(Image-text web data)
========

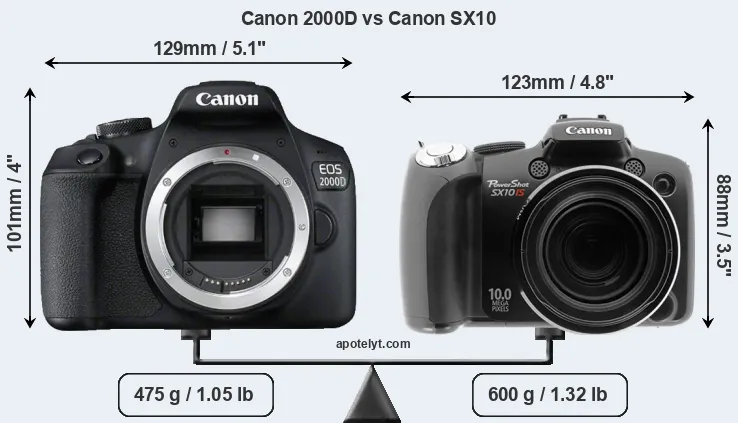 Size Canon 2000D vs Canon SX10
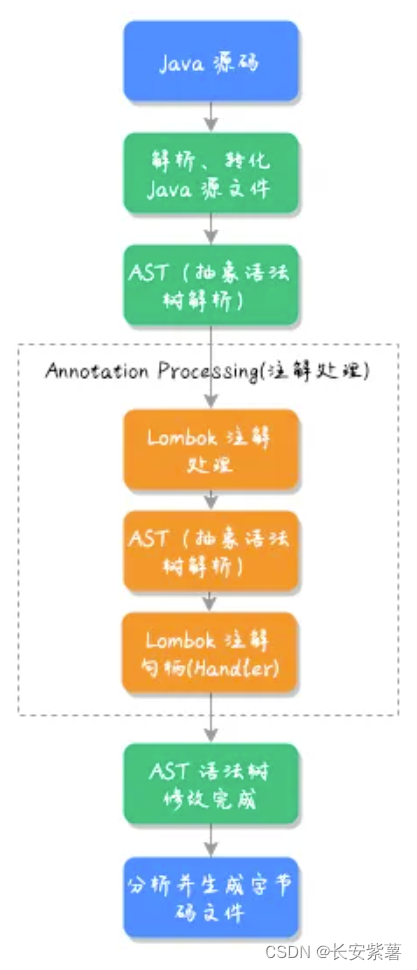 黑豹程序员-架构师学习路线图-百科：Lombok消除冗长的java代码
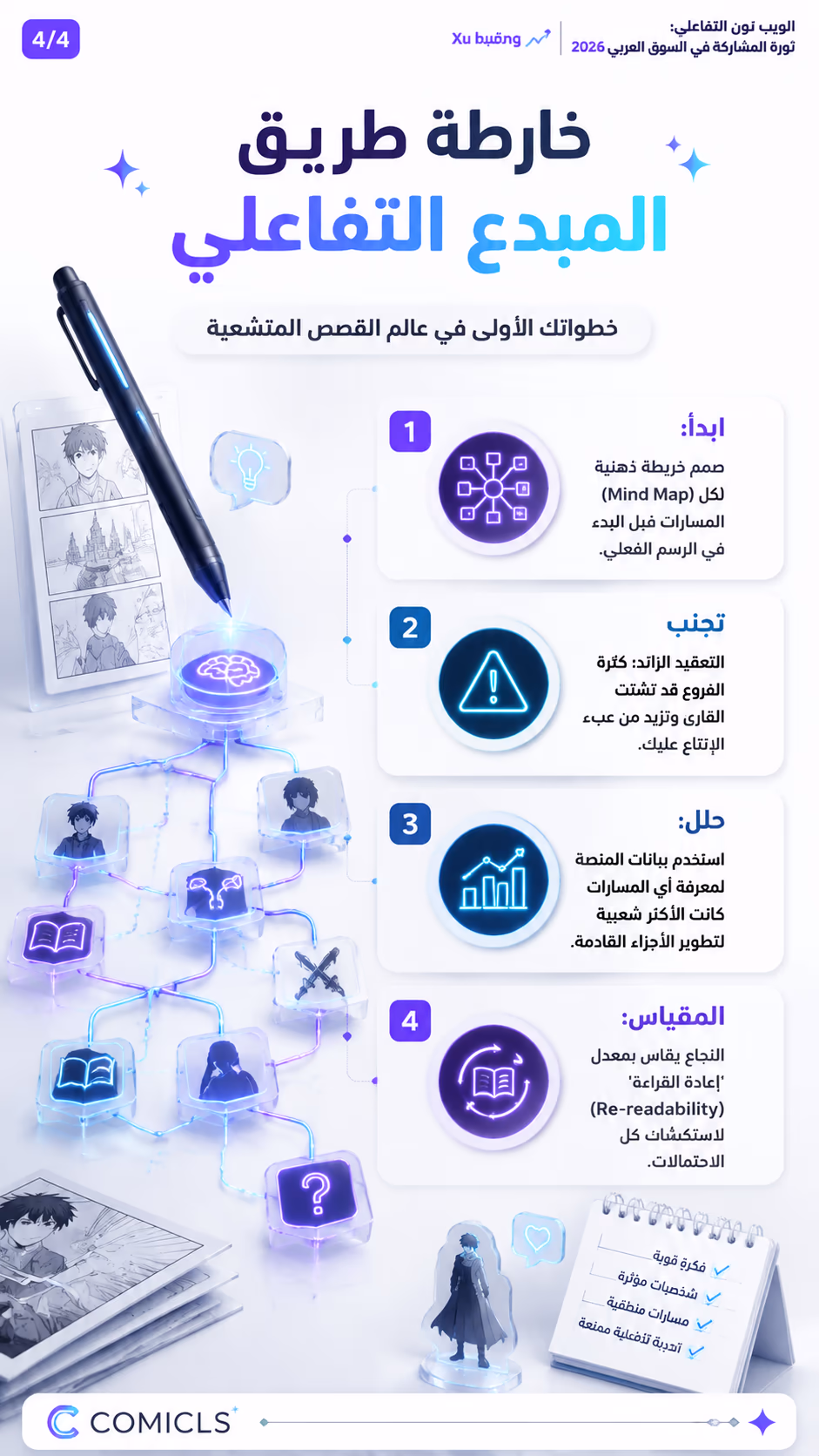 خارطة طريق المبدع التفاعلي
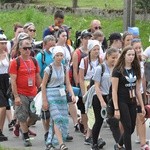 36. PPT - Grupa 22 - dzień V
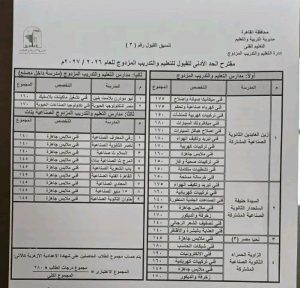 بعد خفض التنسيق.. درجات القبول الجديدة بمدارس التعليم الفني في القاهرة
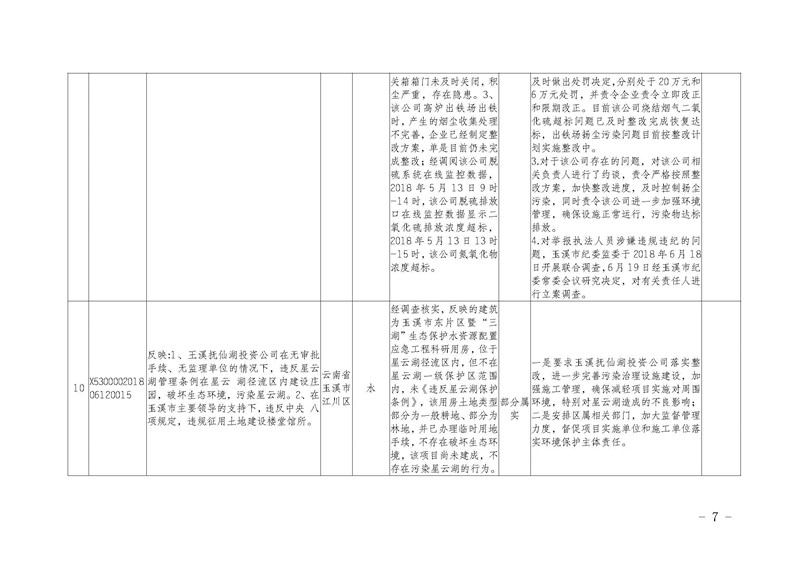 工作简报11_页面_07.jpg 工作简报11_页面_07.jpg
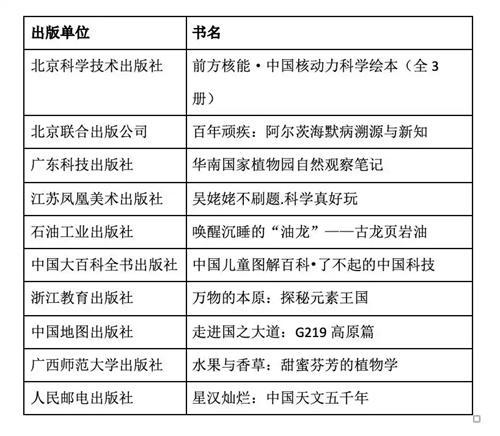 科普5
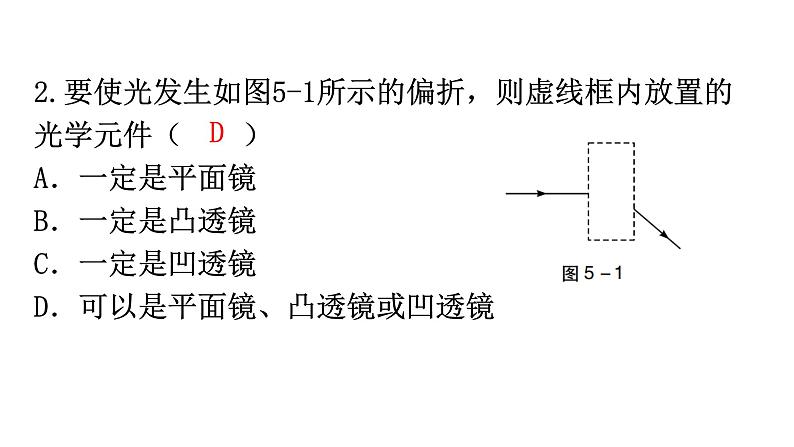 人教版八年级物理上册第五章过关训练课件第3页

========

What the task asks
Could you restate the entries word for word, skipping any pictures?

Response to this exercise
 Size Canon 2000D vs Canon SX10
 黑豹程序员-架构师学习路线图-百科：Lombok消除冗长的java代码
 خارطة طريق المبدع التفاعلي
 36. PPT - Grupa 22 - dzień V
 بعد خفض التنسيق.. درجات القبول الجديدة بمدارس التعليم الفني في القاهرة
 工作简报11_页面_07.jpg 工作简报11_页面_07.jpg
 科普5
 人教版八年级物理上册第五章过关训练课件第3页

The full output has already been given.